> Work instruction: Without the images, output each record below as it stands.

Segment Start: Records supplied

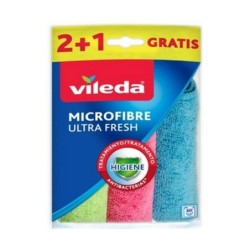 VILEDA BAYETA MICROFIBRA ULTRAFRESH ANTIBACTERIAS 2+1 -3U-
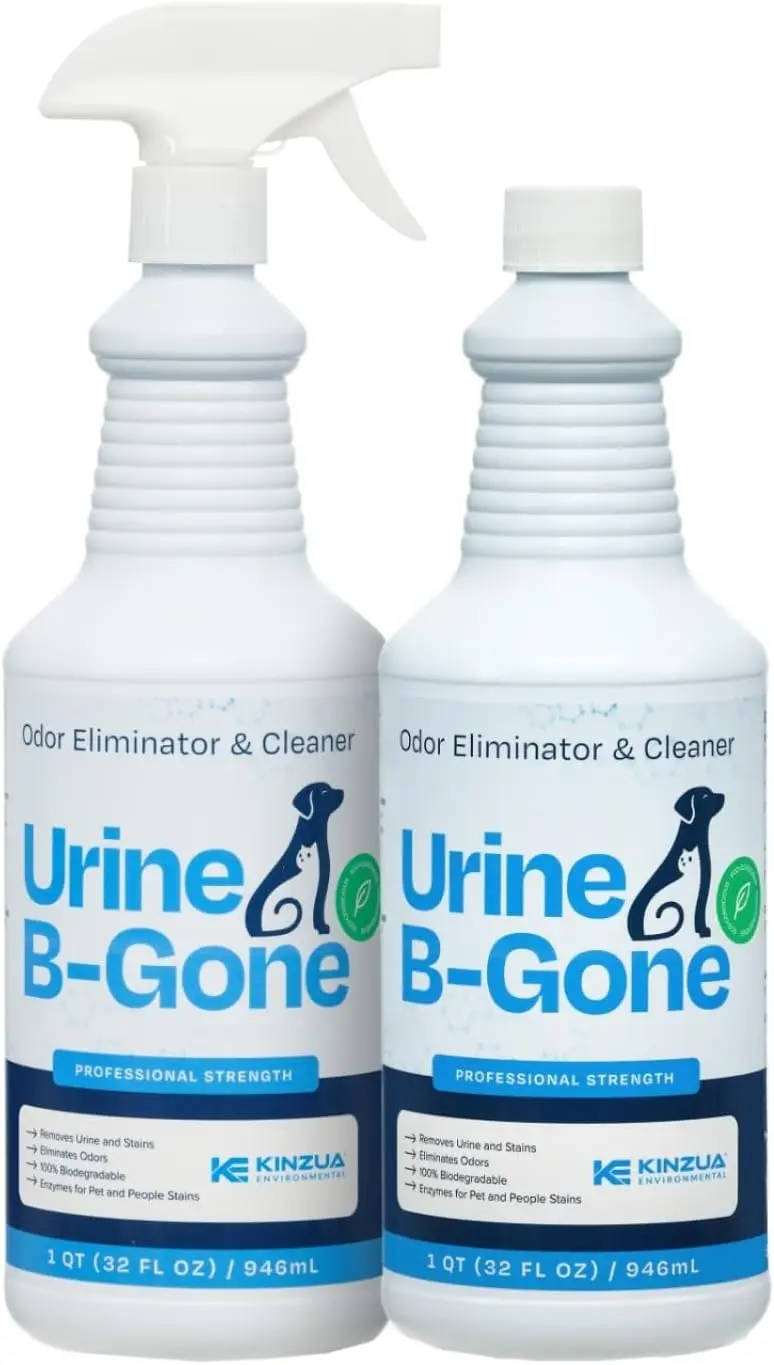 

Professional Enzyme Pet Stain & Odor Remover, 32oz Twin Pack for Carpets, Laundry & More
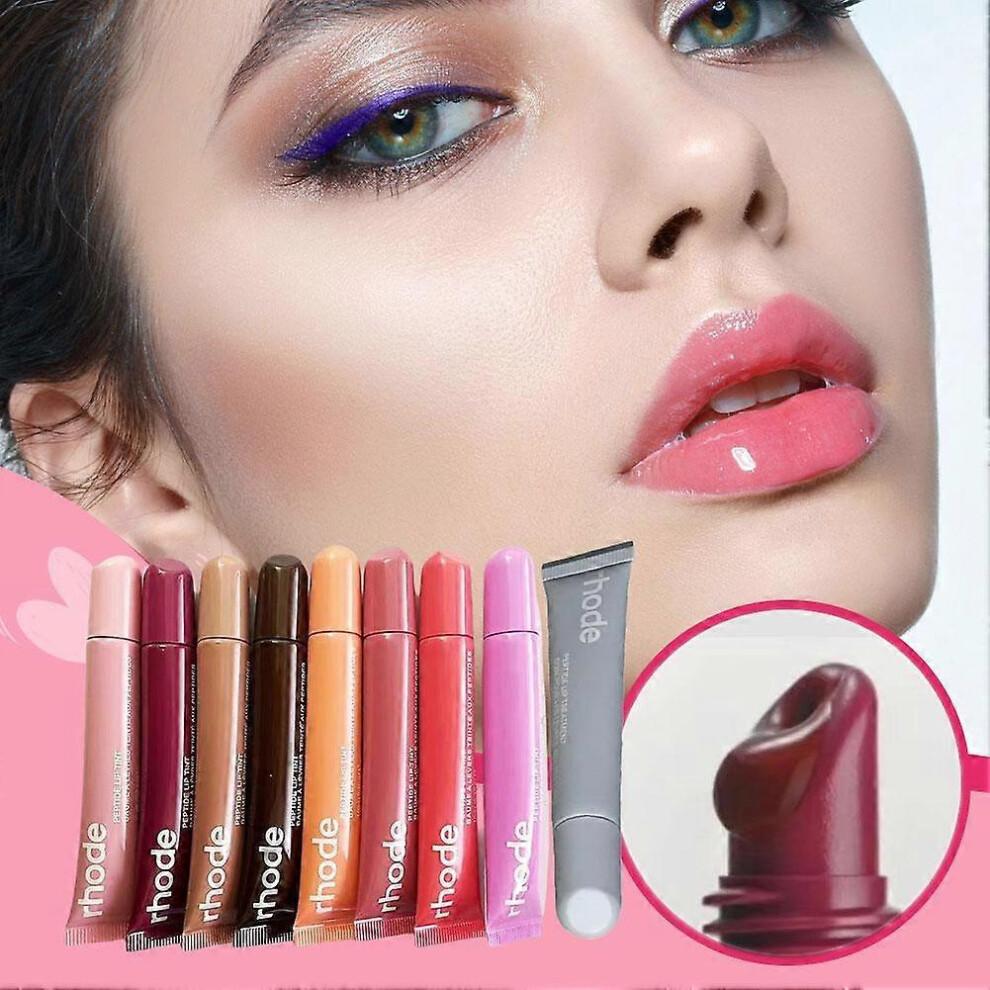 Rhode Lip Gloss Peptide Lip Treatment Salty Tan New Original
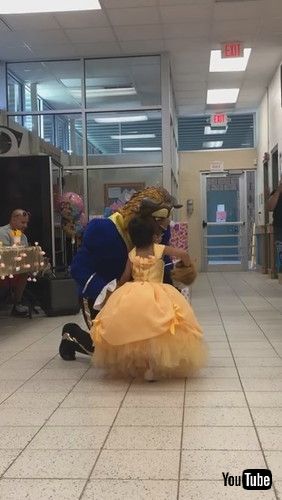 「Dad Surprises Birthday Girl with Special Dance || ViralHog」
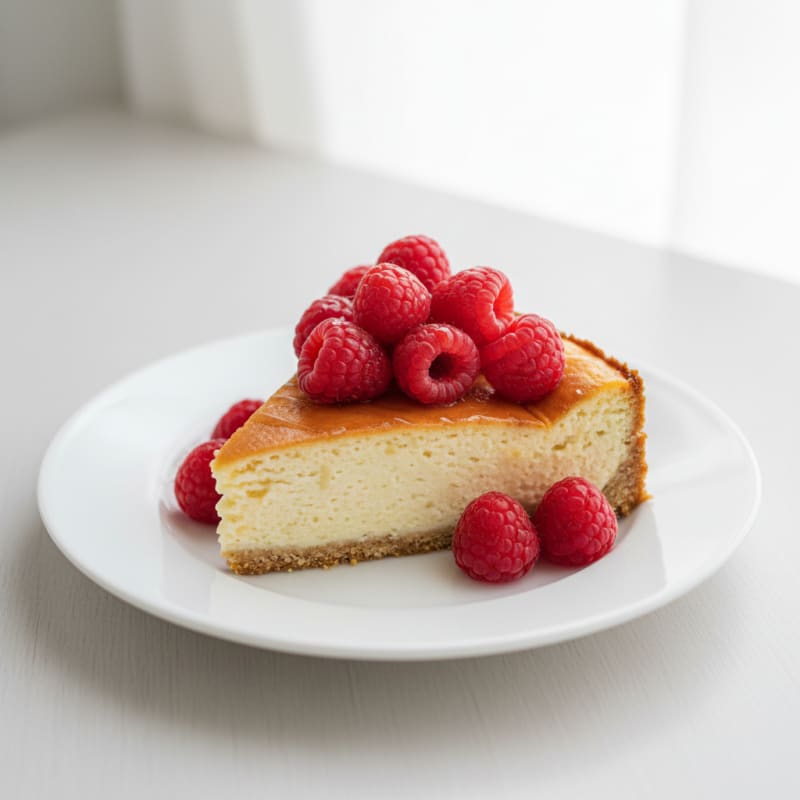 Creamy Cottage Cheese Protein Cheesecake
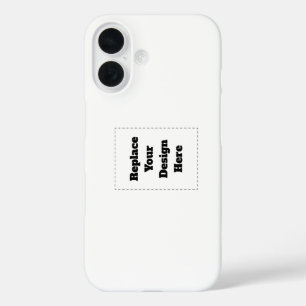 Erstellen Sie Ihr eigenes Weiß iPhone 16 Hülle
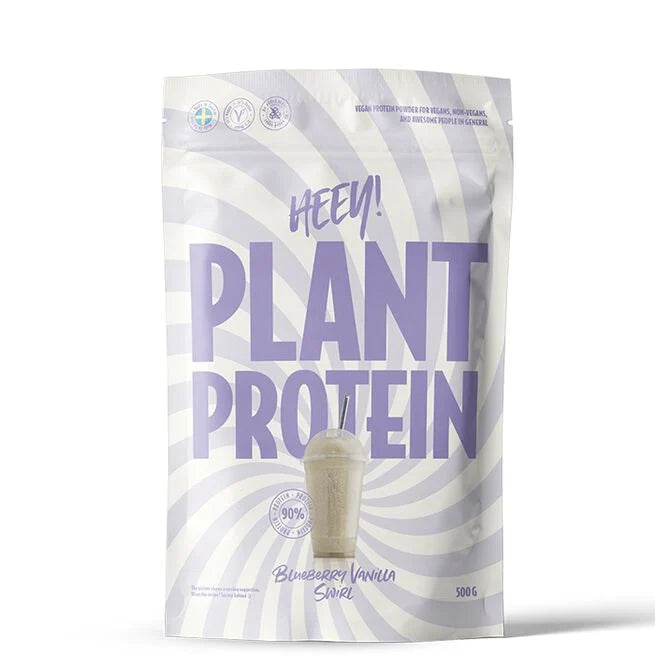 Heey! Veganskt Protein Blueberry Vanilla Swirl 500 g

Segment End: Records supplied

> Answer section:
 VILEDA BAYETA MICROFIBRA ULTRAFRESH ANTIBACTERIAS 2+1 -3U-

Professional Enzyme Pet Stain & Odor Remover, 32oz Twin Pack for Carpets, Laundry & More
 Rhode Lip Gloss Peptide Lip Treatment Salty Tan New Original
 「Dad Surprises Birthday Girl with Special Dance || ViralHog」
 Creamy Cottage Cheese Protein Cheesecake
 Erstellen Sie Ihr eigenes Weiß iPhone 16 Hülle
 Heey! Veganskt Protein Blueberry Vanilla Swirl 500 g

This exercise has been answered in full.